FIN DU PREMIER LIVRE.
  1. Spectateur français au XIXe siècle, in-8o, tom. I, no XLVI, pag. 311.
  2. Lorsqu’il fat arrêté à Bruxelles, par l’ordre du roi d’Espagne, on trouva dans ses papiers tout ce qui caractérise un parti formé. ( Volt., Siècle de Louis XIV. tom. III, chap. xxxvii.) Autre projet plus coupable, s’il n’avait pas été insensé, etc. Ibid.
  3. L’athéisme, dans notre siècle, s’étant uni à un principe éminemment actif, l’esprit révolutionnaire, ce redoutable amalgame lui a prêté un air d’activité qu’il tenait seulement d’une circonstance accidentelle et peut-être unique. En général, l’athée est tranquille. Comme il a perdu la vie morale, il pourrit en silence et n’attaque guère l’autorité. Pour l’honneur du genre humain, l’athéisme, jusqu’à nos jours peut-être, n’a jamais été une secte.
  4. Du Rétablissement des jésuites en France. Paris 1816.
  5. C’est un idéologue, un constituant, un janséniste. Cette dernière épithète est le maximum des injures. (M. de Pradt. Hist. de l’ambassad. de Vars. Paris, 1815, in-8o pag. 4.) Ces trois injures sont très-remarquables dans la bouche de Buonaparte. En y réfléchissant, on s’écrie involontairement :

    Le bon sens du démon quelquefois me fait peur !

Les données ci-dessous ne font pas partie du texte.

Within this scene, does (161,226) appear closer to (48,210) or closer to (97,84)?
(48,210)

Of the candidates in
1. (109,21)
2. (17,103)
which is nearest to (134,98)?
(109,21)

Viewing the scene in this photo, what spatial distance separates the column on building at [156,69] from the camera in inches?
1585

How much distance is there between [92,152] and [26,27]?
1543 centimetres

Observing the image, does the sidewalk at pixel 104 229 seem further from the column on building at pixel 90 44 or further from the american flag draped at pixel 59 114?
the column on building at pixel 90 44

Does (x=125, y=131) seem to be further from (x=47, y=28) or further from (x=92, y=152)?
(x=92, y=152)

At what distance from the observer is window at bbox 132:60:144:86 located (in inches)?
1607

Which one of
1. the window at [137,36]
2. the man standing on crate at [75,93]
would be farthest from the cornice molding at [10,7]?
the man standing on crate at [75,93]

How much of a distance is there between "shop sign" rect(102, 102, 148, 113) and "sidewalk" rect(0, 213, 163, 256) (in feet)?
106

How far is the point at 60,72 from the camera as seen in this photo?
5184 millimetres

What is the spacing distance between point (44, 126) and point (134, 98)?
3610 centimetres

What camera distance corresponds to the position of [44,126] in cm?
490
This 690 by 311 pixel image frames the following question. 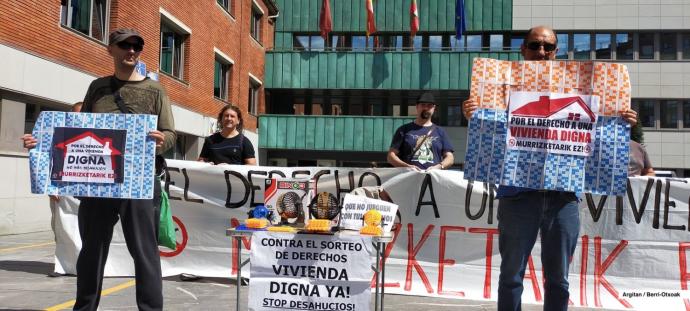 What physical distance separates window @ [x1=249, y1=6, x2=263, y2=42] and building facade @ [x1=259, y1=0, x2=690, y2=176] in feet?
3.61

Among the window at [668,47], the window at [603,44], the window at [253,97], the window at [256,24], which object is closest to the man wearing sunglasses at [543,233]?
the window at [253,97]

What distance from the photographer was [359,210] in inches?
171

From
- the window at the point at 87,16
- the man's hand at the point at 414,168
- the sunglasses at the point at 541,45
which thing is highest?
the window at the point at 87,16

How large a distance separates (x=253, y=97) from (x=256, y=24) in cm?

  6. Qui ne sait que cette constitution civile du clergé qui, en jetant parmi nous un brandon de discorde, prépara votre destruction totale (celle du clergé), fut l’ouvrage du jansénisme. (Lett. de Thom. de Soer, éditeur des Œuvres complètes de Voltaire, à MM. les vicaires généraux du chap. métrop. de Paris, in-8o, 1817, pag. 9.) Acceptons cet aveu, quoique nullement nécessaire. Le chef-d’œuvre du délire et de l’indécence peut, comme on voit, être utile à quelque chose.
  7. Réquisitoire de l’avocat général Talon, du 23 janvier 1688, transcrit dans les Opuscules de Fleury, p. 18.

    Talon disait, en 1688 : Depuis trente ans.